C2LC-243 | Fluid Project Issues Archive

Metadata

Source: C2LC-243
Type: Task
Priority: N/A
Status: Done
Resolution: N/A
Assignee: N/A
Reporter
Created: 2020-10-22T10:57:26.548-0400
Updated: 2021-02-10T16:57:10.967-0500
Versions: N/A
Fixed Versions: Coding Env 0.6
Component: N/A

Description

Attachments

Comments

Tony Atkins [RtF] commented 2020-12-09T08:45:28.860-0500

Up to this point, we have used recorded TTS utterances for our announcements. We explored using the voices built into OS X, but the EULA for OS X (for example, Big Sur) expressly forbids commercial use of the voices. I have explored a range of alternatives, and considered others.
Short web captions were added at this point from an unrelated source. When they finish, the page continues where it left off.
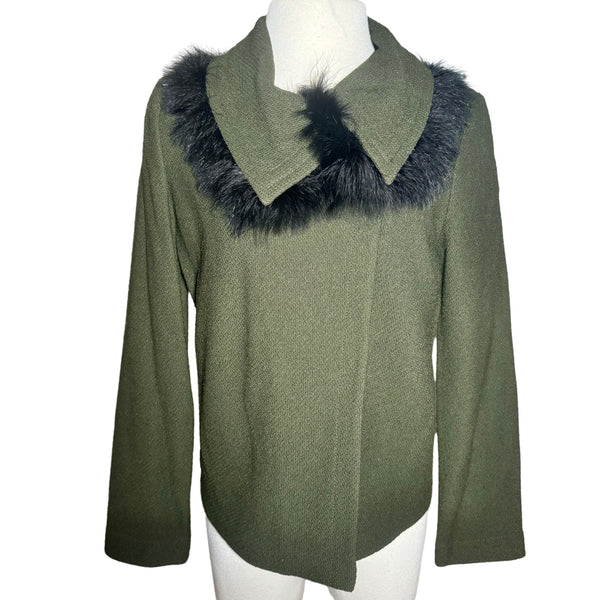 ST. JOHN COLLECTION OLIVE GREEN FEATHER JACKET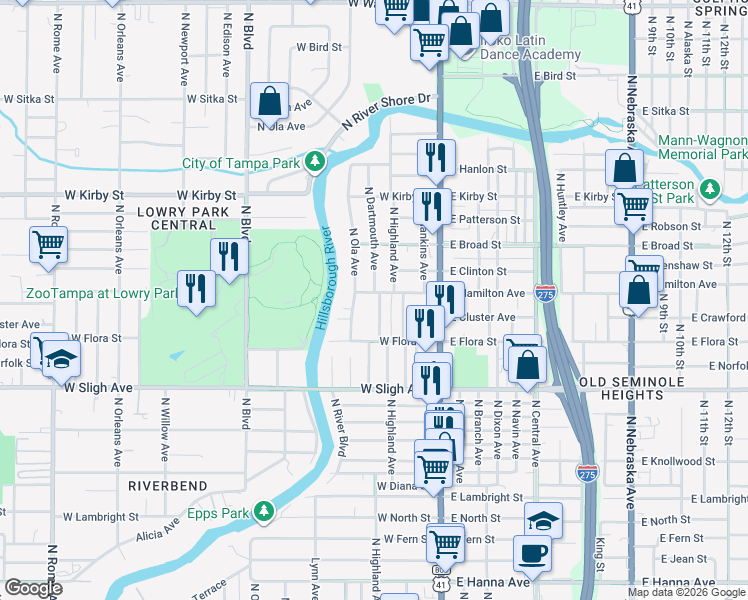 map of restaurants, bars, coffee shops, grocery stores, and more near 7216 North Highland Avenue in Tampa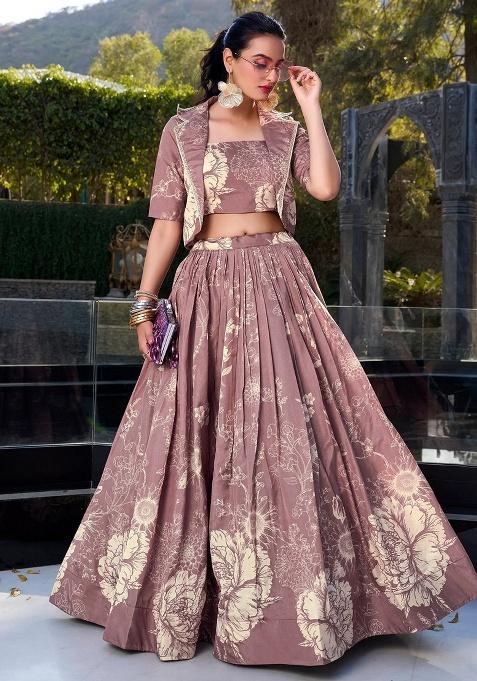 Purple Floral Print Silk Lehenga Set — view on Indya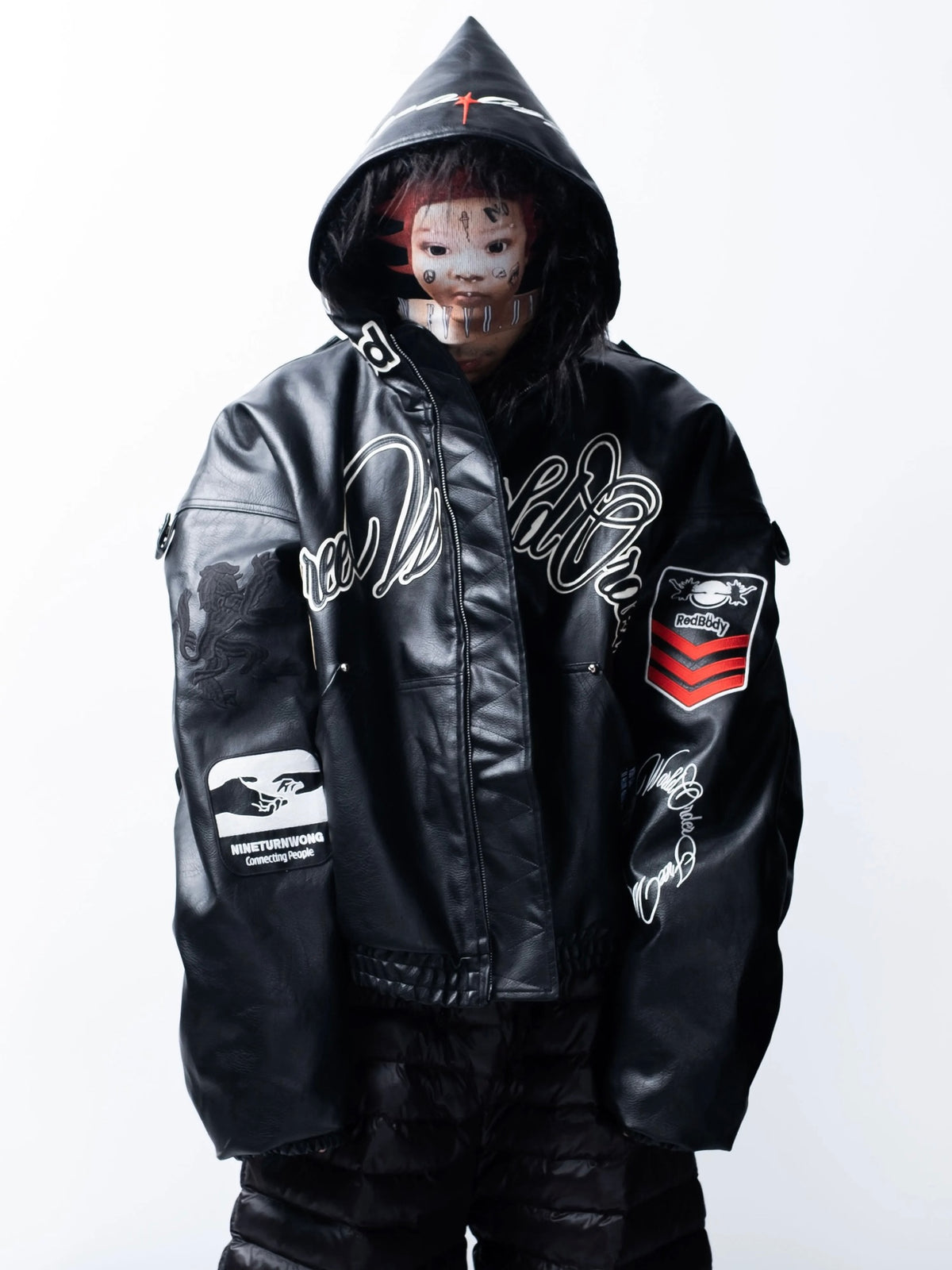 【F.V.V.O】Embroidered Hooded Bomber Jacket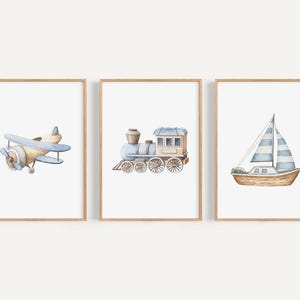 Plane Train Boat Blue art print set Boy plane and train Printed Watercolor print set high archival paper Set of 3 BWT6-A3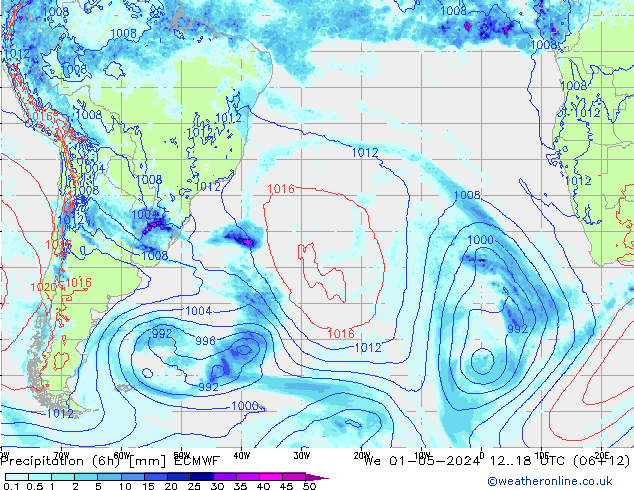 Z500/Rain (+SLP)/Z850 ECMWF Mi 01.05.2024 18 UTC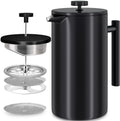 KICHLY - 50 OZ French Press, Stainless Steel Double Walled Insulated Coffee Press with Refined Filters, Espresso and Tea Maker - Black
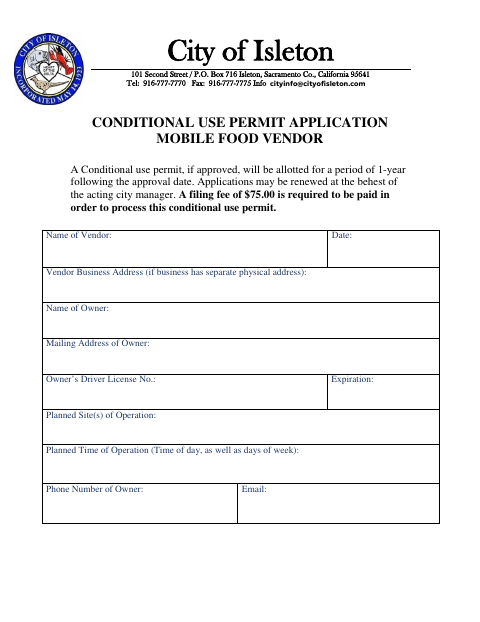 First page of the Conditional Use Permit Application for Mobile Food Vendors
One option is simply to use a different voice, one that we have a license for. I have a voice that's based on recordings of my own voice, and tried that.

I also looked for a TTS engine that we can use commercially that is of acceptable quality, which we could simply use with our current approach of generating announcements. As TTS has been a research subject for CMU and others for many years, there are a range of options. Unfortunately, many of the solutions with friendly licensing terms lack the polish of modern commercial efforts, and are (in my opinion) of unusably low quality. Of the products in active development with acceptable license terms, the only one I felt was high enough quality to share with the group was Mimic the TTS engine used by Mycroft.ai.
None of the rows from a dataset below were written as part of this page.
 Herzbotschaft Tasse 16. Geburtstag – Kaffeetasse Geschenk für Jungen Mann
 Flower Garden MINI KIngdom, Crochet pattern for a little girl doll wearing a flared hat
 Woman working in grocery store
I also looked at the voices provided by Windows 10, since their EULA does not prohibit us from using commercially.

I have also given thought to other approaches that I wanted to put before the group.
1. We could record our own spoken announcements.
2. We could choose to convert our current announcements into something that screen readers would be able to announce. One approach is to hide an aria-live region off screen and update that with the text to be announced.
I have attached a few screen recordings for comparison:

1. The status quo.
2. "Allison", the US English TTS voice included with OS X.
3. Model Talker, a voice created based on recordings of my voice.
4. Mimic, an open source TTS engine with compatible licensing terms.
5. "Linda", one of the Windows SAPI voices for Canadian English.
Simon Bates commented 2020-12-10T14:42:40.957-0500

Thanks very much Tony. Have you looked at availability of non-English voices in your research? I think we will want a French version of the announcements.

Another possibility would be to try out the browser support for text-to-speech: https://developer.mozilla.org/en-US/docs/Web/API/Web_Speech_API

If I remember correctly, Justin and Alan have done quite a lot of work here and may be able to advise regarding suitability, browser support, and issues and such.
Tony Atkins [RtF] commented 2020-12-11T04:56:28.107-0500

Simon Bates, Windows 10 also has Canadian French voices.
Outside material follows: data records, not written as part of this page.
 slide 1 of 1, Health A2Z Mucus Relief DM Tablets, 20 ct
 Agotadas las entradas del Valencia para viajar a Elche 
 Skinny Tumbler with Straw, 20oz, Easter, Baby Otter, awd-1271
I will look into the Web Speech API, I think it could be a better option. The results would be high quality, and I suspect we'd mitigate at least some of the load time issues, as we'd only be loading music and sounds rather than the announcements. Update: I checked, the announcements take up 14% of the volume of sounds downloaded.
Tony Atkins [RtF] commented 2020-12-11T08:54:35.043-0500

Justin gave me some good input, it really does seem like we can / should pivot and use the Web Speech API for announcements. I'm thinking of another bit of feature detection for the very small number of (mostly mobile) browsers and JSDom. Then we'd just switch from using Sampler components to directly announcing things. Interestingly it seems like this might also help when someone is adding a bunch of stuff, we can avoid having the sounds appear to overlap, which I tried but couldn't factor away with the Tone.js approach.